- Given data:
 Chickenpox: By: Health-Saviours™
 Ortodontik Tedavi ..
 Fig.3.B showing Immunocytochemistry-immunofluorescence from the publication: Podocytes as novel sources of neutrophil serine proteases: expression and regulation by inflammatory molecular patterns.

- Task to complete: Reproduce every line of the data without changing a word.

- Task answer:
 Chickenpox: By: Health-Saviours™
 Ortodontik Tedavi ..
 Fig.3.B showing Immunocytochemistry-immunofluorescence from the publication: Podocytes as novel sources of neutrophil serine proteases: expression and regulation by inflammatory molecular patterns.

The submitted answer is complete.